MGM // Unrated // August 10, 2004
List Price: $25.98 [Buy now and save at Amazon]

Review by Adam Tyner | posted August 9, 2004 | E-mail the Author
Lo, there once was a time when having "National Lampoon" in the title of a movie guaranteed hee-larity: Animal House, the Vacation series...and I guess that's pretty much it. The National Lampoon machine started churning out flicks really quickly throughout the '90s, and movies like Golf Punks and Senior Trip kind of killed it as a cinematic brand name. Then along came Van Wilder, which raked in enough cash to get the assembly line running again at full speed. Comedy veteran Arthur Hiller is slated to helm National Lampoon's The Trouble with Frank, and Paris Hilton is starring in Pledge This!, which I'm honor-bound not to badmouth. But before either of those trot into theaters, get dumped on video, or suffer whatever fate awaits them, there's Dorm Daze. Actually, the full title is National Lampoon Presents Dorm Daze, which I guess is because the Lampoon didn't get involved until after the movie had already been made. Too bad the title doesn't have the possessive because it's one of the better recent Lampoon flicks.

I picked up Dorm Daze because it was written by Patrick Casey and Worm Miller, the creative forces behind the independent horror-slash-comedy Hey, Stop Stabbing Me! I hadn't actually seen ...Stabbing... or any of their other movies, but that not-really-logic seemed like enough to compel me to grab this disc anyway. A few reviews of Dorm Daze from its limited theatrical run have been floating around for a while, and the critical reception has been unilaterally negative. A star and a half make up about the most glowing praise I've seen up to this point.
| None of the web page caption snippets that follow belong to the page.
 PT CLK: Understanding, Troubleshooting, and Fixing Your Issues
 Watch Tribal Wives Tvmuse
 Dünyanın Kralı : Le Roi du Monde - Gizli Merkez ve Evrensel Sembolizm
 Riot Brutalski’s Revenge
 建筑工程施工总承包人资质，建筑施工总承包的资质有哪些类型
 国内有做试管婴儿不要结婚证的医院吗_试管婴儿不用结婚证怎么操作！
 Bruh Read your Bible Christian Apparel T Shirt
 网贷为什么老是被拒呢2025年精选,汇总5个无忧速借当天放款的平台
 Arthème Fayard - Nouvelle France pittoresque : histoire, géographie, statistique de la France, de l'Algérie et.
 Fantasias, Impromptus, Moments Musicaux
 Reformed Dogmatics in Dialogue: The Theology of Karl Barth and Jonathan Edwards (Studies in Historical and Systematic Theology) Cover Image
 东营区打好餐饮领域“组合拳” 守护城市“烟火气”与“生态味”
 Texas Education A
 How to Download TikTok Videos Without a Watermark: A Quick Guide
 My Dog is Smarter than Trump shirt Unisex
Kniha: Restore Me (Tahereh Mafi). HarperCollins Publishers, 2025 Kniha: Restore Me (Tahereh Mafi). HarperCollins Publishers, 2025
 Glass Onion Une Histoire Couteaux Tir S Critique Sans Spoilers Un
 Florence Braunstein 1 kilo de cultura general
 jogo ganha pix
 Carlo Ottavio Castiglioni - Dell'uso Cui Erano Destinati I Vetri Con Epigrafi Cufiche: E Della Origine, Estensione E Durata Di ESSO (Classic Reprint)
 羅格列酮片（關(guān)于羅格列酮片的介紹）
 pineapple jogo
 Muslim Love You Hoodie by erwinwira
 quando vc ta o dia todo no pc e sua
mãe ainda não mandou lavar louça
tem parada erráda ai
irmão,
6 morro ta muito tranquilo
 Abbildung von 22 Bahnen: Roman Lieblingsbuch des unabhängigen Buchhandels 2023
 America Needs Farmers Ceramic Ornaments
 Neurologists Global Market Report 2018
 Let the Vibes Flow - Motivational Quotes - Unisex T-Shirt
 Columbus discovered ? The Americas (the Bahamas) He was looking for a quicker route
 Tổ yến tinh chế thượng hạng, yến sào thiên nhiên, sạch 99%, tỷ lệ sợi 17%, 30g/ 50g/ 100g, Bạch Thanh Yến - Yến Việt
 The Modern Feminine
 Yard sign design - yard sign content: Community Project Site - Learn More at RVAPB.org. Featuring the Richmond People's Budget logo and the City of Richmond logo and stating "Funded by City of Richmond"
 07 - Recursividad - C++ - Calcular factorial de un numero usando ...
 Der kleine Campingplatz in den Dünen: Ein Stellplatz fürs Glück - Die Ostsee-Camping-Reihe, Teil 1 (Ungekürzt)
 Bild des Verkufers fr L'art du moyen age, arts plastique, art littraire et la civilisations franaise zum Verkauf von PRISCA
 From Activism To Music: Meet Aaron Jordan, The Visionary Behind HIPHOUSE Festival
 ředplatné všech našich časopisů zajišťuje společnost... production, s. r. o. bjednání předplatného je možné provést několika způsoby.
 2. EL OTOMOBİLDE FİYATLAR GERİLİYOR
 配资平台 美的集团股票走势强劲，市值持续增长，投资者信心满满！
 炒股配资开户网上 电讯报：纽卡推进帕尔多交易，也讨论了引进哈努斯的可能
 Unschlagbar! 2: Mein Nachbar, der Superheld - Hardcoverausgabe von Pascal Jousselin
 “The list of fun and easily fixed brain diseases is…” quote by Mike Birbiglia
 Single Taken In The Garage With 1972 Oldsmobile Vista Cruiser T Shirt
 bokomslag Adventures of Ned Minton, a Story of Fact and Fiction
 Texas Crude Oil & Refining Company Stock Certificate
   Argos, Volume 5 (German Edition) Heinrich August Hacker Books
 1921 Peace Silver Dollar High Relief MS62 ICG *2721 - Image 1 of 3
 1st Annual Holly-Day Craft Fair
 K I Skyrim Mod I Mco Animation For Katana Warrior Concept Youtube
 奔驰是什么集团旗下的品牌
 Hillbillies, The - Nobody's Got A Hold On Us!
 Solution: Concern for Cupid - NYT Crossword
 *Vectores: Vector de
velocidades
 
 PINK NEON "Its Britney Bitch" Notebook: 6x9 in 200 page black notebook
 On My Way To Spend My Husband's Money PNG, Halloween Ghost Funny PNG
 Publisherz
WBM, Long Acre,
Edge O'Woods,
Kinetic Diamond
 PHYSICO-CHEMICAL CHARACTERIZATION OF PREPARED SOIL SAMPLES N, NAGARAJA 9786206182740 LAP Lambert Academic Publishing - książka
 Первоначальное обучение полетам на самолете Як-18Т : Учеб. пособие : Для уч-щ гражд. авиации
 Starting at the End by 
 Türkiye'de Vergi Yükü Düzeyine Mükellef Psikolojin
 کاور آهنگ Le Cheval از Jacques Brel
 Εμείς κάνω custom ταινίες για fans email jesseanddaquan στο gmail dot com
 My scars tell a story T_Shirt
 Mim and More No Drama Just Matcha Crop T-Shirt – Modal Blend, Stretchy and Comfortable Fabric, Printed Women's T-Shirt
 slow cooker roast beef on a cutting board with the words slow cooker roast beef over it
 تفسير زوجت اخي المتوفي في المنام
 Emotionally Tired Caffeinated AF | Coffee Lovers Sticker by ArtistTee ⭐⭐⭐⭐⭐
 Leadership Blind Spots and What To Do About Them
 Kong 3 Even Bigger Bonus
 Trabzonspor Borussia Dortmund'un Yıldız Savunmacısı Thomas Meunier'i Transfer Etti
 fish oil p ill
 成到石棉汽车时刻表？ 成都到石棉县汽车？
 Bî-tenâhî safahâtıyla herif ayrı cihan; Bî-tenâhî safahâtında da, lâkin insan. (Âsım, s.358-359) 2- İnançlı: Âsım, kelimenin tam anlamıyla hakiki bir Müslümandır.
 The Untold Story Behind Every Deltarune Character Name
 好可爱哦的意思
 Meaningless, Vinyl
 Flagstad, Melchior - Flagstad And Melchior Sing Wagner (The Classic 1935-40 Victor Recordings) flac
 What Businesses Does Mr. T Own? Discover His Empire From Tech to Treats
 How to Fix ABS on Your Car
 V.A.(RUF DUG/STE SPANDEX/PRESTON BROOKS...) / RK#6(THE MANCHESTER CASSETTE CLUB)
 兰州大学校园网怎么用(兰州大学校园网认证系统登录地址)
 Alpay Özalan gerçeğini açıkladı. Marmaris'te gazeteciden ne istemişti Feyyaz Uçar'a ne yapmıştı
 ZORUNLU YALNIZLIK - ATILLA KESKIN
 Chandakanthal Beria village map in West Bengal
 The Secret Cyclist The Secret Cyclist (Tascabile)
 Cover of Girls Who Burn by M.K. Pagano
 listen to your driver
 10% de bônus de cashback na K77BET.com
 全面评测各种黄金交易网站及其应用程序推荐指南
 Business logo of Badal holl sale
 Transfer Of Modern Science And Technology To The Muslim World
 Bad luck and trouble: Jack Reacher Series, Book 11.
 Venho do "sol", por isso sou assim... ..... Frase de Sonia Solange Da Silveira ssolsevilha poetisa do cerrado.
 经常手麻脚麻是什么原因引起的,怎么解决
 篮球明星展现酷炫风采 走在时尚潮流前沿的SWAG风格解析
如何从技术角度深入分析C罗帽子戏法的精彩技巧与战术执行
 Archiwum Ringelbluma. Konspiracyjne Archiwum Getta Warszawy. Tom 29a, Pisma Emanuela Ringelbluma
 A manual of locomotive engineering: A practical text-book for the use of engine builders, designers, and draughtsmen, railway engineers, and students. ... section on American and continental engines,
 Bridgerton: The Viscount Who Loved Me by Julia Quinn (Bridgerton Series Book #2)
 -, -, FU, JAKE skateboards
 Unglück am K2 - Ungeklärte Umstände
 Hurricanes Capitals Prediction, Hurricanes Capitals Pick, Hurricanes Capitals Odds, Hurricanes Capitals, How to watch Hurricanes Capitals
But hey, I've never been shy about boldly venturing forth against the grain, so I'll take a historic step and write what is and will probably remain the only positive review of National Lampoon Presents Dorm Daze.

I don't really know how to best summarize Dorm Daze because of the multilayered approach I'll rant at length about a paragraph or two down. To give it a quick shot, the movie's set at a university (obviously; y'know, Dorm Daze) as exams are wrapping up for the semester. Styles McFee wants to get his brother laid, but Booker is saving his "special gift" for his virtuous, cleavagy girlfriend Rachel. Styles shrugs that off and tries to set him up with a hooker named Dominique. A couple rooms down, Wang is excitedly preparing for this arrival of a French foreign exchange student, but he has to head to work and doesn't have time to meet her in person at the moment. He passes along a message that cycles from pal to pal to meet up with this unknown student, who happens to be named...arm the rimshot...Dominique. Mistaken identity? Hooker? Wang? You see where this is leading, and I haven't even gotten to the bit about the sausage. A bunch of other stories are also bubbling beneath the surface. Gerri doesn't have the funds to stay in college after this semester, but she winds up holding a misdelivered package from a con artist named Lorenzo. There are tens of thousands of dollars neatly bundled in a purse strikingly similar to the one Adrienne borrowed from her friend Claire and subsequently lost. Adrienne's ducking out of Claire's way until she can track down that handbag, and she's also steering clear of Newmar, a dweeb she'd made out with the night before in a fit of drunken depression. She's secretly pining over chest-shaving, faceless-dance-music-pumping Foosball, blissfully unaware that she's crushing on a gay man. Gabby sorostitutes Marla and Lynne are incensed about having a hooker in their midst and even more miffed about Claire's boyfriend's apparent abusive behavior and infidelity. Heavily-pierced Cliff is hanging around campus after losing a huge wad of cash in Vegas, and he's so disinterested in chatting with the straggling students littering the hall that he wears a whiteboard around his neck claiming that he doesn't speak English. Hooker-Dominique catches wind of the bag full of cash and teams up with everyone in sight to snag the loot, while Styles chases down a terrified student-Dominique as he tries to get his money's worth from a misidentified hundred-dollar whore.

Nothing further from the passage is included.